Yelp, TinyCo Settle with FTCCompanies Obtained Children's Info Through Mobile Apps
The Federal Trade Commission has reached settlements with online review site Yelp and mobile app developer TinyCo on charges that they improperly collected children's information in violation of the Children's Online Privacy Protection Act.
Under the settlements, Yelp will pay a $450,000 civil penalty, and TinyCo will pay $300,000, the FTC says.
Also, both companies must delete information they collected from consumers who stated they were 13 years of age or younger at the time they registered. Plus, the companies must submit a report in one year outlining their COPPA compliance programs.
"As people - especially children - move more of their lives onto mobile devices, it's important that they have the same consumer protections when they're using an app that they have when they're on a website," says Jessica Rich, director of the FTC's Bureau of Consumer Protection. "Companies should take steps as they build and test their apps to make sure that children's information won't be collected without a parent's consent."
From 2009 to 2013, Yelp allegedly collected personal information from children without first notifying parents and obtaining their consent, as required under COPPA, the FTC says. When consumers registered for Yelp through the app on their mobile device, according to the complaint, they were asked to provide their date of birth during the registration process.

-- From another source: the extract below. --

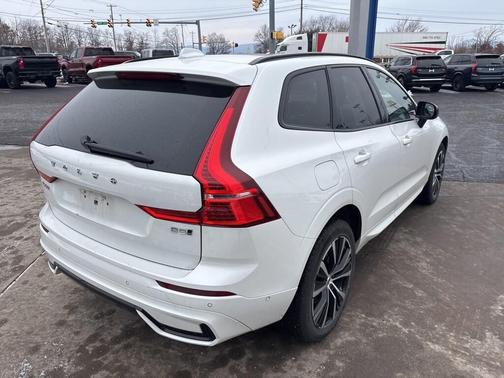 2025 Volvo XC60 B5 Plus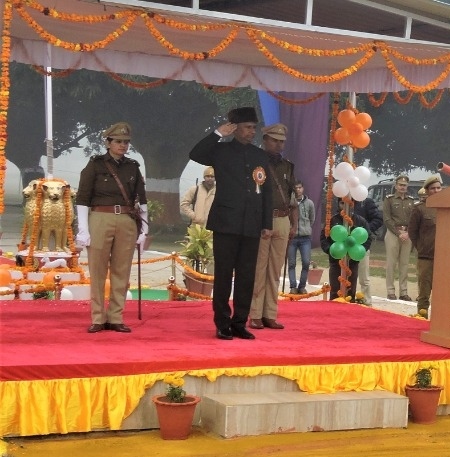 खीरी पुलिस लाइन में धूमधाम से मनाया गया गणतंत्र दिवस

According to the FTC's complaint, several thousand registrants provided a date of birth showing they were younger than 13 years old, and Yelp collected information from them, including name, e-mail address, location and any information that they posted on Yelp.
The FTC alleges that many of the apps TinyCo developed, which were downloaded more than 34 million times across the major mobile app stores, targeted children. The complaint alleges that the apps, through their use of themes appealing to children, brightly colored animated characters and simple language, were directed at children younger than age 13 and thus made them subject to the COPPA Rule.
Many of TinyCo's apps included an optional feature that collected e-mail addresses from users, including children younger than 13. The FTC's complaint alleges that the company failed to follow the steps required under the rule related to the collection of children's personal information.